I’m not sure just how my mother found the time and energy to establish her fairy-tale flower gardens along with all the gardening, picking, canning and freezing that she tackled each summer as a result of Dad’s ambition to raise most of the food our family ate.
I suppose it was a result of the fact that she grew up the second oldest of a family of six children and was assigned chores at a young age. In those days, just about everybody was at least part farmer. People raised gardens, kept chickens and milk cows, even those who lived in towns, and housework was hard work without today’s dishwashers, clothes dryers, vacuum cleaners and myriad electric kitchen appliances. Firewood had to be carried into the house, even in summer for cooking. Water was brought from the well in a large bucket with a handy dipper for a quick drink, and in more copious amounts for bathing, laundry, cooking and cleaning.
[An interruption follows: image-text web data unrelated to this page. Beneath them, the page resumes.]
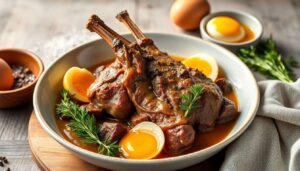 Épaule d'agneau en cocotte : recette savoureuse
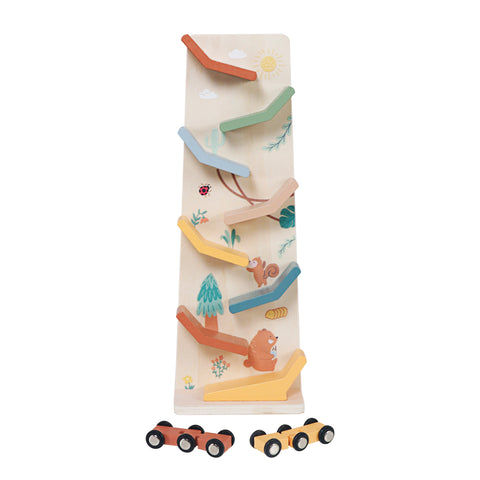 Wooden Race Track Speed Car W04E475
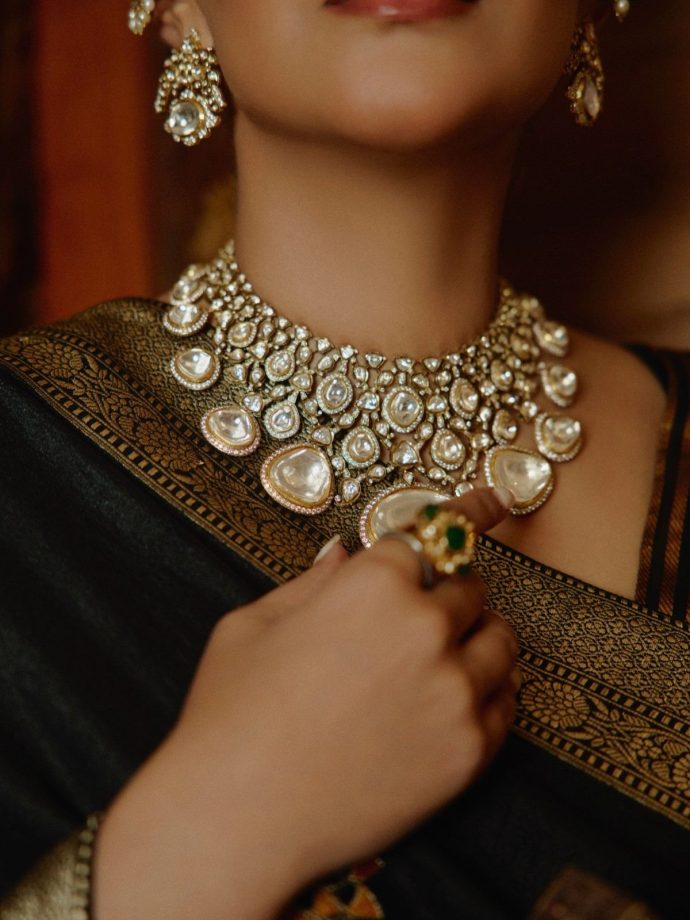 Sonam Kapoor in Hand-Embroidered Pichwai-Inspired Ensemble 1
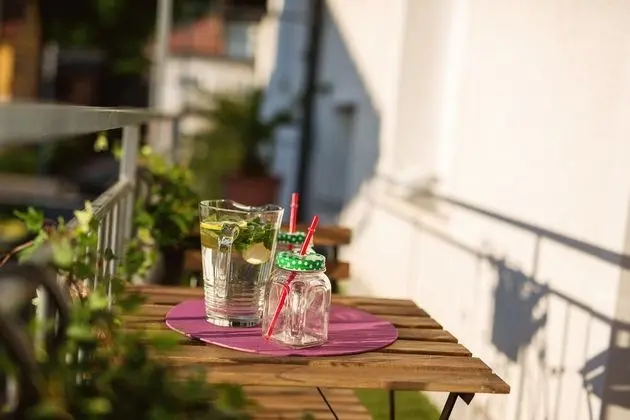 Garden apartment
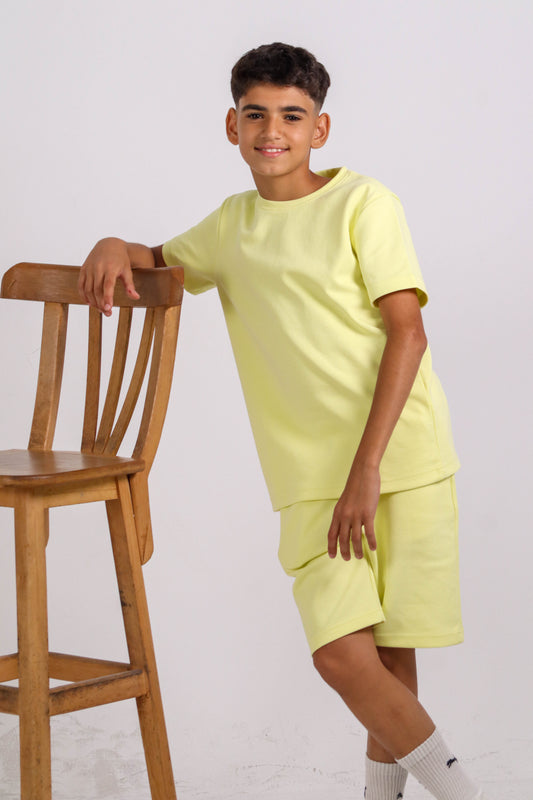 Butter Yellow T-Shirt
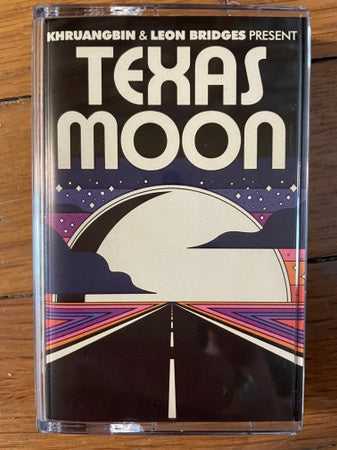 Khruangbin & Leon Bridges – Texas Moon - New Cassette 2022 Dead Oceans Blue Tape - Psychedelic Rock / Soul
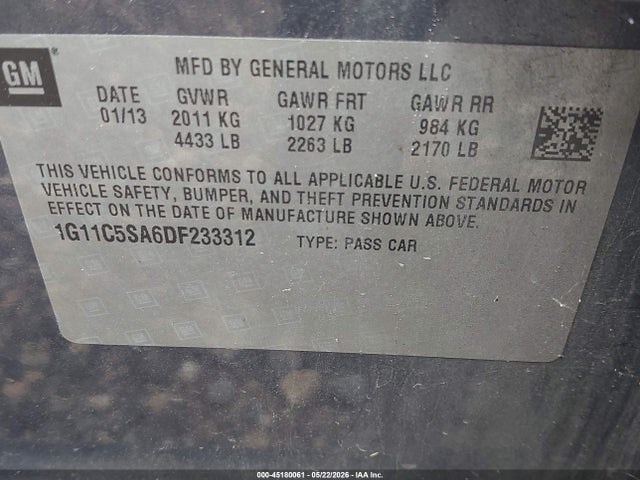 Chevrolet Malibu 1lt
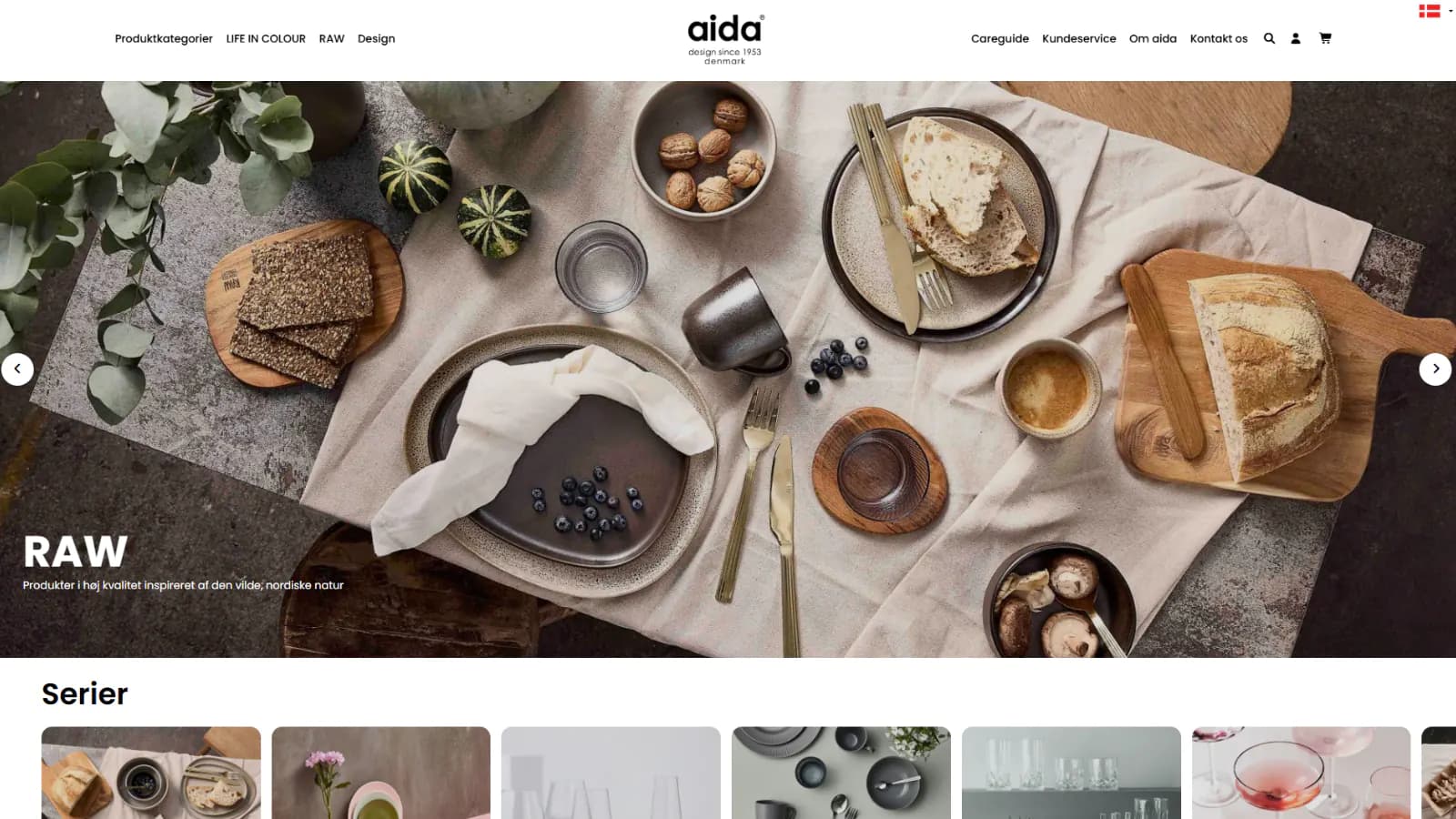 Site web d'Aida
Born in 1904, Mother was a teenager during the Roaring Twenties and eager to embrace the modern world that was so rapidly changing. Fortunately, she married my dad, a man who was fascinated by machines and gadgets and enthusiastic about new ideas. Over the years, he provided her with every new household gadget he could afford, and if he couldn’t afford it, he was clever enough to provide a homemade version of any labor-saving device she wanted. So, when she expressed a desire for a pool of water in her flower garden, he produced one for her.
The first one was a simple trickle from the garden hose, flowing over a stair-step of stones into a small stone-lined pool. A weeping willow tree draped gracefully over one edge, shading petunias and snapdragons from the hottest sun of the afternoon. She wished for goldfish and waterlilies, but the pool was too shallow to support them. When we moved to another house with a larger back yard, Dad built a cement-lined pool that was deep enough for the goldfish but lacked shade and a dirt bottom; no attempt was made to establish water plants. Dad made a birdbath from concrete, molding the basin in a large garbage-can lid and studding it with seashells. Water was piped underground and up through the stem of the birdbath, complete with a sprinkler head for a picturesque spray of water that fell gently onto the ferns, pansies and violets Mother planted around the base.
A board fence separated the back yard from the more public part of the lawn facing the street, and Mother planted zinnias, gladiolas, marigolds, snapdragons and other sun-loving flowers in a riot of colors all along both sides of the fence. The bright, fragrant flowers attracted hummingbirds, butterflies, honeybees and bumblebees. As children, my sisters and I spent many summer hours watering the flowers with pop bottles we filled from the fishpond, then daring each other to lure the plump bumblebees into the empty bottles. I don’t remember any of us ever being stung while doing that, but I do remember stepping on a bumblebee nest while running across a neighbor’s yard. I concluded that the neighbors must have “bad” bumblebees, as ours were gentle and would never be that vicious.
When we moved to the acreage with its extensive lawn, there was ample room for a BIG fountain and birdbath; one with winding little streams that spilled into a number of shallow pools snaking across the yard. The central fountain trickled down over a mound constructed of a variety of shapes and sizes of rocks and into an encircling pool before starting its journey past plantings of nearly every flower in the seed catalog that was known to thrive in our part of the state.
There were roses and iris, star-shaped lilies, green Bells of Ireland, ferns and cactus, rubber plants, snake plants, daffodils, violets, bleeding-heart shrubs, Sweet Williams, bluebells, Lily-of-the-valley and many other plants transplanted from the woodlands and generous neighbors’ gardens. And, still, along the driveway was the long row of iris Mother had cultivated for years, two fragrant old-fashioned lilac bushes, and the delicate silver-lace vine that festooned the clothesline pole and crept along the clothesline wires.